Bucky gradually worked his way through the homemade ciabatta and butter/marmalade combination they’d found at a local farmer’s market. It was the first kind of jar jam that hadn’t made Bucky gag, so naturally, Steve had bought out the whole table.

Bucky chewed slower than a caterpillar traversing a leaf, but he did it.

He downed his meds, swishing back coffee to dull the bitter taste. He ignored the cookies.

Bucky leaned back and rubbed at his eyes.

“You want a hair tie?” Steve said, indicating the three on his own wrist. He was constantly finding the damn things all over the house.

Bucky shook his head. “Pulls my hair,” he murmured. He pushed at his scalp. “Makes my head hurt.”

Steve was sure he was wearing his sad eyes, but he couldn’t help it.

“Miss Thing enjoyed her walkies,” Steve said, slotting in beside Bucky and leaning back.

Bucky didn’t say anything.

“She’s getting bigger,” Steve went on. “I think her diet’s working. Not sure how big she’s supposed to get, but who knows, we might end up with a helicarrier for a dog.”

Bucky glared at Steve.

“She ain’t one of those things,” he grunted.

Steve tilted his head and smiled. “A Hulk for a puppy? We could buy her some purple shorts with a hole cut out for her butt?”

Bucky scowled harder. He was squinting, obviously lessening the amount of light that could get to him and make his headache worse.

“Well, she’s getting big either way,” Steve said. “Fat-bottomed girl. I heard that in a song.”

“You say that about everything,” Bucky grumbled. “You heard everything in a damn song.”

“You want some music?” Steve asked.

Bucky shook his head, already sliding down the bed like a sack of potatoes.

Steve wilted a little.

He could just make out the yips and yelps of their princess downstairs. It was a damn good thing she couldn’t climb the stairs.

“You want Blueberry?” Steve asked.

If Bucky didn’t want him, maybe he’d like a smaller visitor.

Bucky was silent for a moment, before shrugging. He was turning away, duvet falling over him.

Steve picked up the remnants of Bucky’s meal and headed back downstairs.

After putting everything into their fancy dishwasher that Pepper had insisted on as a gift, Steve scooped up Blueberry and carried her upstairs.

“Now, you gotta be nice,” Steve said into her fuzzy ear. “Daddy’s not doing so hot, okay? No barking.”

Blueberry licked at his nose and barked anyway.

She was a wriggler, so he held on fast as he locked the gate at the top of the stairs. Bucky would kill him if he came out of his funk only to discover their furry ward had bounced down the stairs ass-over-teakettle into a puppy pancake.
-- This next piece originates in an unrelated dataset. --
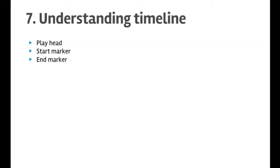Hello friends, welcome to lecture number seven: Understanding Timeline in PowerDirector. In this lecture, you will understand how to use the playhead, start marker, and end marker in the timeline in PowerDirector. So I open this PowerDirector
He reentered the bedroom, unsurprised by the duvet lump.

“Shhh,” Steve whispered. “Daddy’s sleeping.”

The room was quiet.

Blueberry yipped and wriggled harder. The lump shifted.

“Is Daddy in there? You smell Daddy?” Steve hissed louder. He plopped her on the bed and she went _wild._

She leapt all over the lump, yipping and rolling and tumbling around like a jackrabbit.

“Hey, calm down, you fuckin’ rascal,” Steve grabbed at her. She wriggled, dangling in his hands.

The lump under the duvet shifted and rolled. Bucky peeked out, scowl in place.

“Ta-da…” Steve said gently.

Bucky glared harder, but did seem to soften after a moment.

“C’mere, he said, voice gravelly, and lifted the duvet, so Steve could slide Blueberry under.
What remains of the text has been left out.